Could the listing below be reproduced exactly, minus its pictures?

» **Supplied data**
^^^^

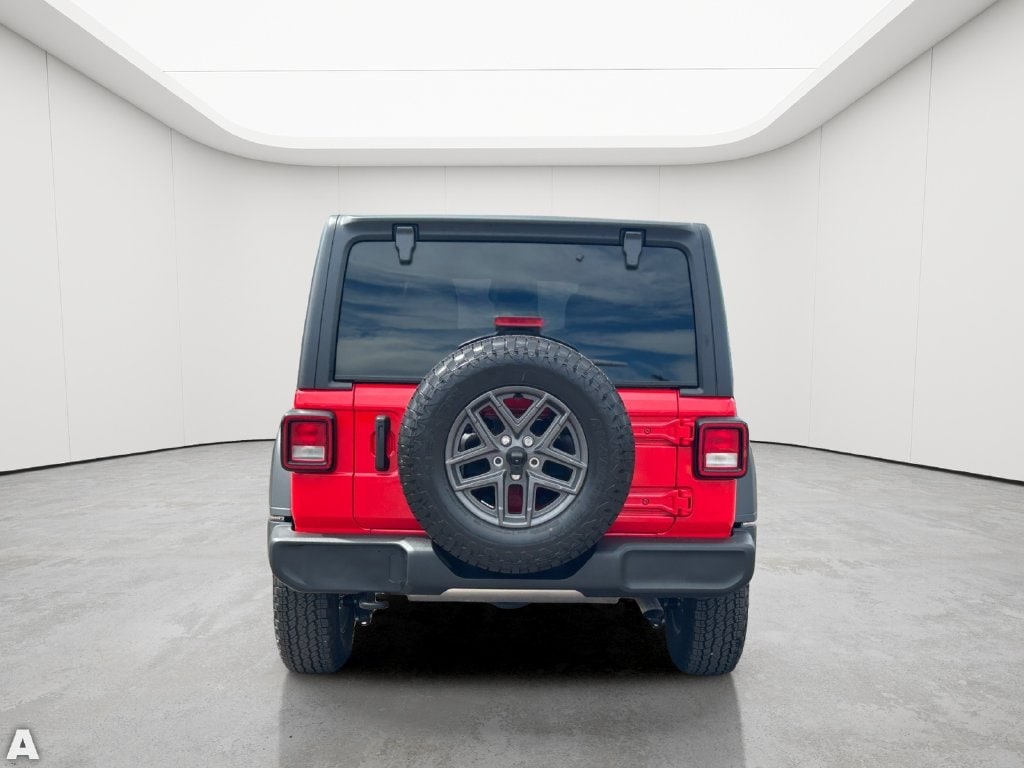 Used 2026 Firecracker Red Clearcoat Jeep Sport S image 9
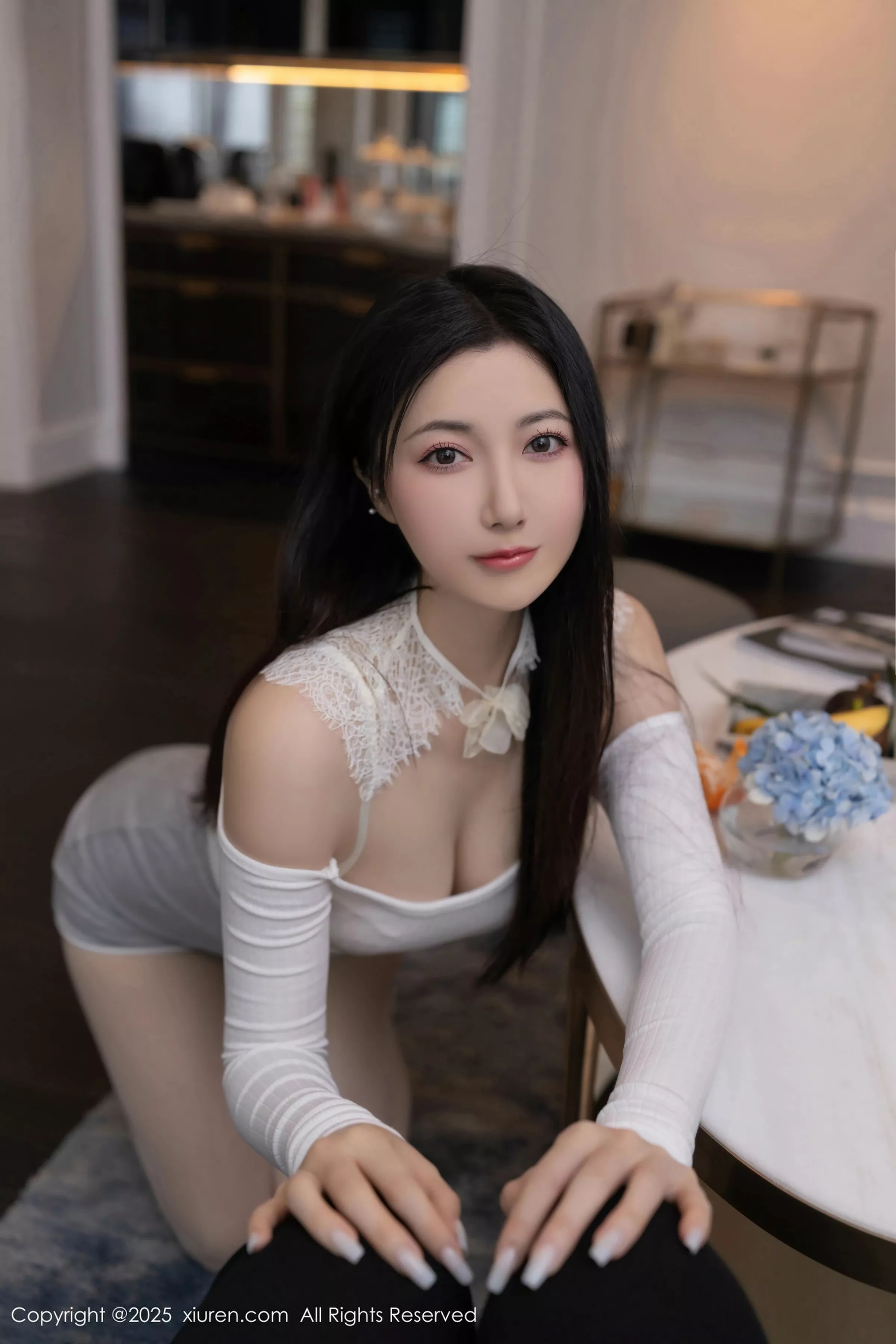 Caviar Fish Sexy White Short T-shirt Exposed White Lingerie Paired with Open Crotch White Stockings Beautiful Legs Stunning Photo Set 71P 8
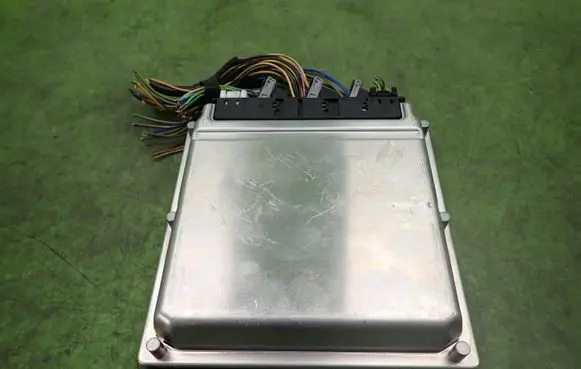 Mercedes-Benz E AMG W211 Engine control unit/module ECU A1121533179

^^^^

» **Completed exercise**
 Used 2026 Firecracker Red Clearcoat Jeep Sport S image 9
 Caviar Fish Sexy White Short T-shirt Exposed White Lingerie Paired with Open Crotch White Stockings Beautiful Legs Stunning Photo Set 71P 8
 Mercedes-Benz E AMG W211 Engine control unit/module ECU A1121533179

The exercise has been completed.